Blum frames much of her book around Prohibition and how it was responsible for innumerable deaths. The illegality of alcohol led to increased prices for those who wanted a drink. And most everyone *still* wanted their drinks. The profits available from bootlegging were incredible, and everyone was willing to try their hand at making their own hootch. Drinking liquor made of cheap wood and methyl alcohol became little more than a game of Russian roulette as there was no way to tell just how toxic your next drink would be. Interspersed with the rise and fall of Prohibition, she also covers other toxins that Norris and Gettler traced down as killers. For instance, radium was used to create watch dials that would glow in the dark.
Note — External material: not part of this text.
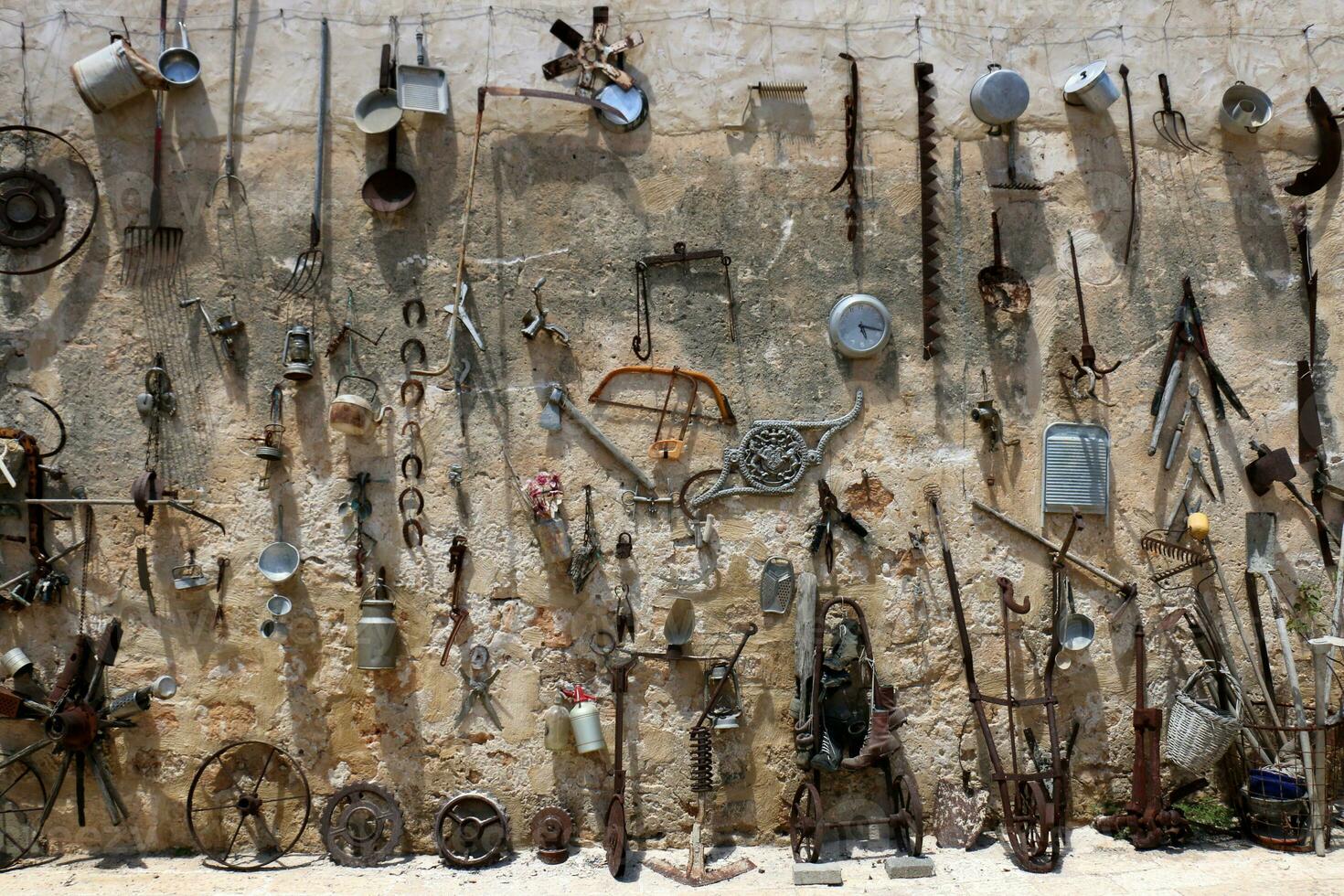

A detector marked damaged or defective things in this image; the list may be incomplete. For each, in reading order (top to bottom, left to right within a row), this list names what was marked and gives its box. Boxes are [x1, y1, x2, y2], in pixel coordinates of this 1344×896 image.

rusty garden rake [278, 19, 329, 300]
rusty spring coil [688, 728, 720, 790]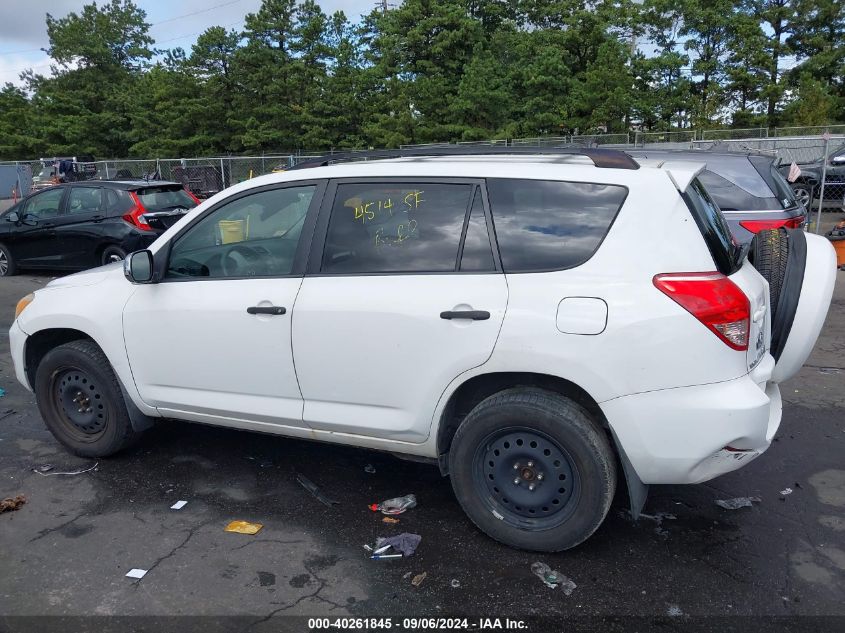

The women who painted the dials thought little of licking the brushes to maintain their sharp tips. In fact, it was even required by the company. But after a couple of years, mysterious ailments afflicted nearly all the workers, and it was a battle to get the US Radium Corporation to admit fault and pay the workers a settlement. And even then, it was a mere pittance for all their suffering and eventual deaths.
I'm very glad that The Poisoner's Handbook was strategically placed on the shelf where I found it. On top of it being fascinating (in a morbid way), it opened my eyes to a different view of Prohibition, and how (once again) something can turn out far differently than what was originally planned.
Disclosure:
Obtained From: Bookstore
Payment: Purchased on Sale!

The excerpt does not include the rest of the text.